START Material shown

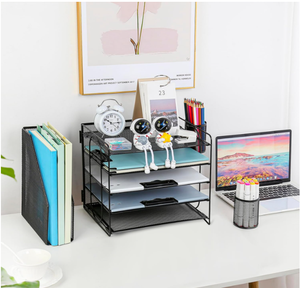Desk Organizer with <b>File</b> Holder 4 Tier Metal Mesh Desktop Organizer Paper Letter Tray Organizer with <b>Drawer</b> Holder 2 Pen Holder - Product Image 5
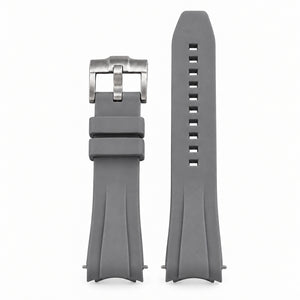 SKX FKM Nautilus V1: Grey Rubber Strap with Silver Buckle — front view with 10 adjustment holes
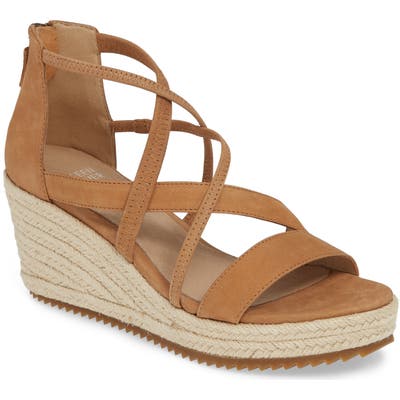 Eileen Fisher Wanda Cross Strap Wedge Sandal, Beige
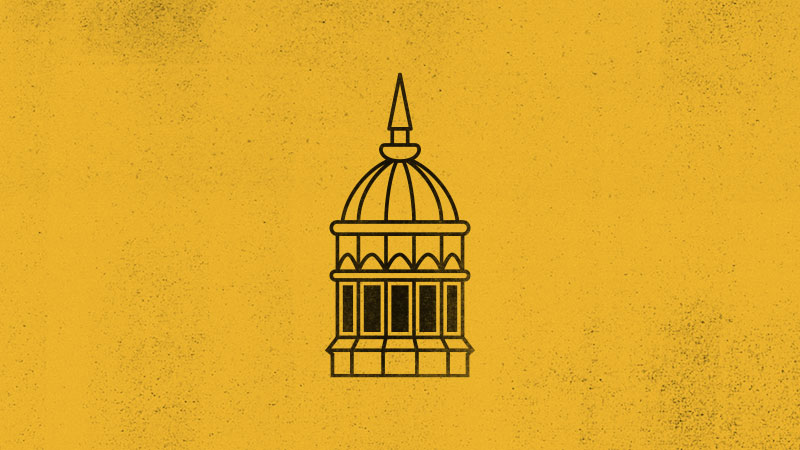 Line drawing of the dome and spire of Jesse Hall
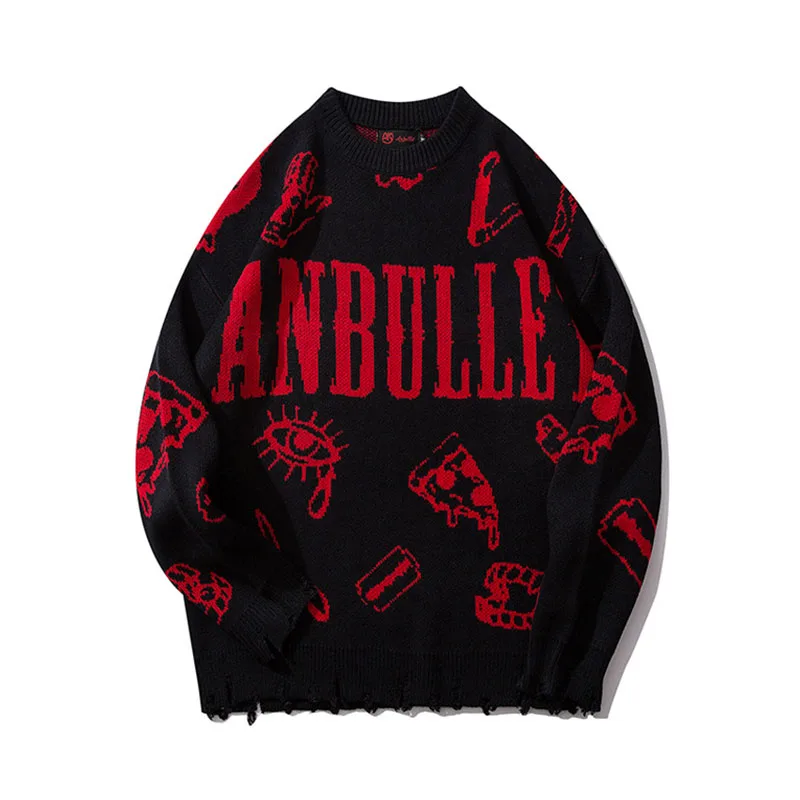KIOVNO Men Harakuju Ripped Sweater Hip Hop Knitted Graffiti Sweather For Male O-neck Streetwear
KIOVNO Men Harakuju Ripped Sweater Hip Hop Knitted Graffiti Sweather For Male O-neck Streetwear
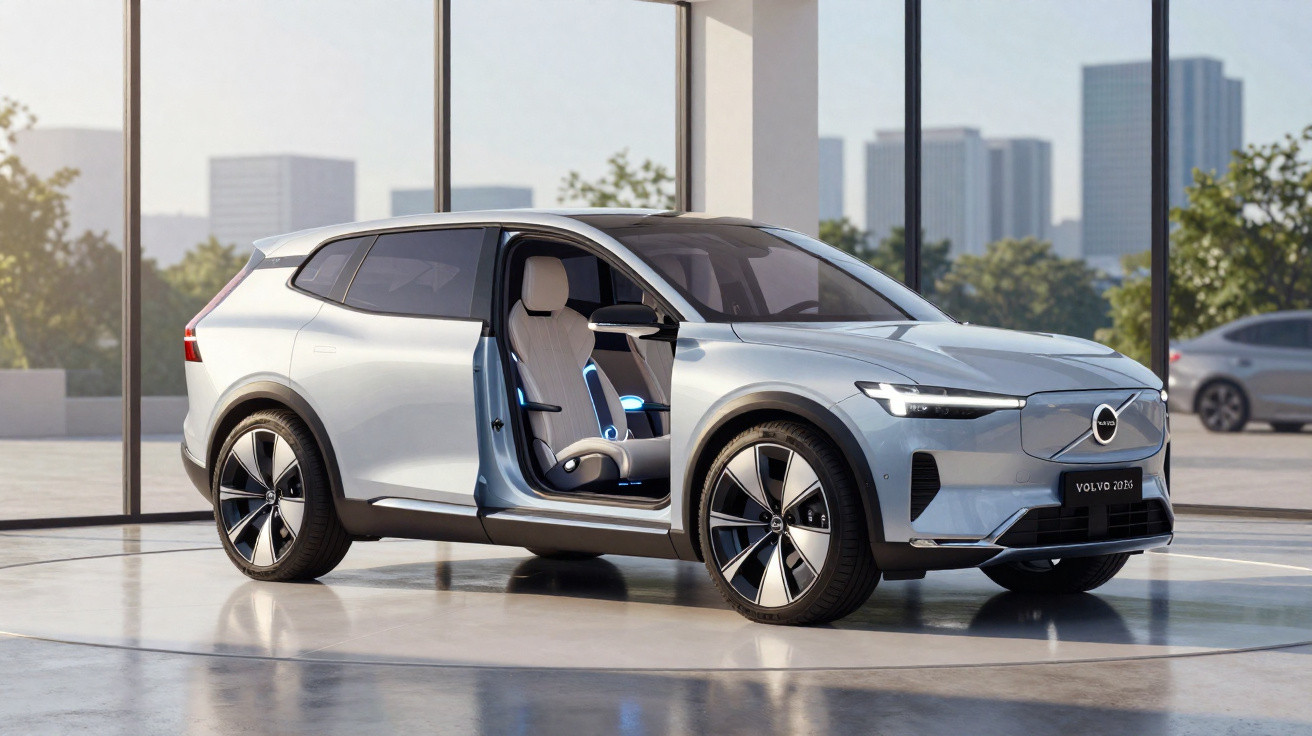 SUV elétrico Volvo cinzento com porta traseira aberta numa sala com grandes janelas e vista urbana.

END Material shown

# Activity
None of the pictures should appear; repeat the records exactly otherwise.

# Your solution
Desk Organizer with <b>File</b> Holder 4 Tier Metal Mesh Desktop Organizer Paper Letter Tray Organizer with <b>Drawer</b> Holder 2 Pen Holder - Product Image 5
 SKX FKM Nautilus V1: Grey Rubber Strap with Silver Buckle — front view with 10 adjustment holes
 Eileen Fisher Wanda Cross Strap Wedge Sandal, Beige
 Line drawing of the dome and spire of Jesse Hall
KIOVNO Men Harakuju Ripped Sweater Hip Hop Knitted Graffiti Sweather For Male O-neck Streetwear
KIOVNO Men Harakuju Ripped Sweater Hip Hop Knitted Graffiti Sweather For Male O-neck Streetwear
 SUV elétrico Volvo cinzento com porta traseira aberta numa sala com grandes janelas e vista urbana.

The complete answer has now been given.